From mboxrd@z Thu Jan  1 00:00:00 1970
From: craig@jcb-sc.com
To: jvickers@dial.pipex.com, jbuck@synopsys.COM, law@cygnus.com, mark@codesourcery.com, gcc@gcc.gnu.org, rms@gnu.org
Cc: craig@jcb-sc.com
Subject: Re: type based aliasing again
Date: Thu, 30 Sep 1999 18:02:00 -0000
Message-ID: <19990910151259.9117.qmail@deer>
X-SW-Source: 1999-09n/msg00414.html
Message-ID: <19990930180200.XXup0YfMnzG0qbg6lU9NXHzha_G3zYwvFwYfn51ffDE@z>

RMS wrote:
> In C, we cannot divide all user code into "right" and "wrong" in this
> kind of simple way, and certainly not based on the ISO standard.  That
> standard is just the decisions of a certain committee (which I was a
> member of) about what cases conforming compilers should commit to
> support.  We must not let ourselves start thinking that C code is
> "wrong", just because it is not conforming ISO C code.
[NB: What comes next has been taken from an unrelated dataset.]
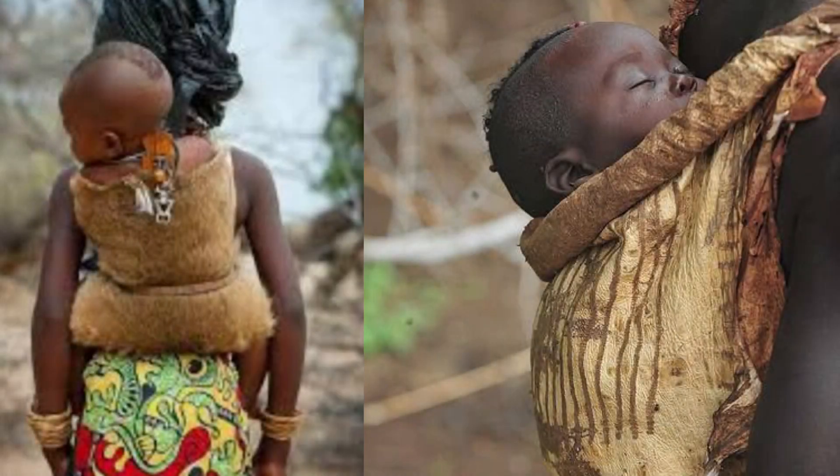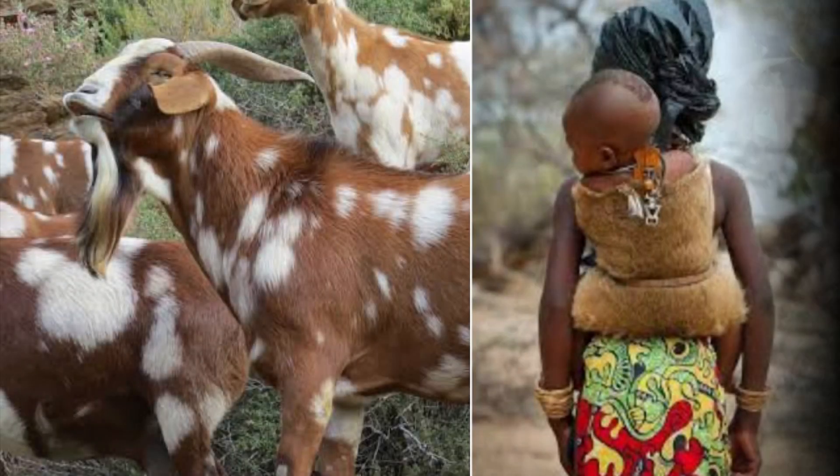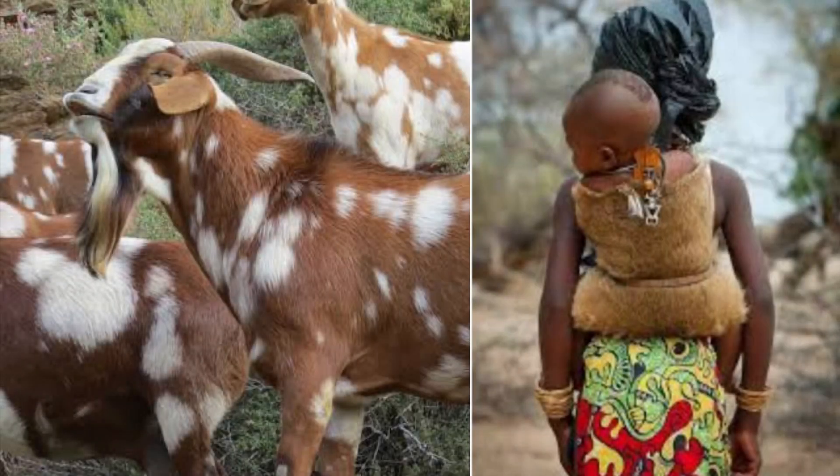Imbeleko. So Imbeleko is one of the most important rituals in the Xhosa culture. Before anything, let's first understand the meaning of the word Imbeleko. Imbeleko means an act of giving birth. The ceremony gets the name Imbeleko from the fact that the skin of the slaughtered animal has traditionally been used as a baby carrier by African mothers to carry babies on their back. This animal skin provided warmth and allowed the babies to hear the sound of their mother's heartbeat when they laid against their mother's backs.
Saying the standard is "just the decisions of a certain committee" is
like saying C is "just a language made up by bored hackers".

If you're prepared to offer substantial replacements for the care,
consideration, expertise, thoughtfulness, expectation of public
participation in the process, and so on, that the C standards
committee (presumably) provides, fine.

But, I've watched (reasonably carefully) how successful this attitude
of "ignore the standards bodies except when we find them convenient"
has worked since I first heard about GNU using it so many years ago
(at which point I found it *very* persuasive).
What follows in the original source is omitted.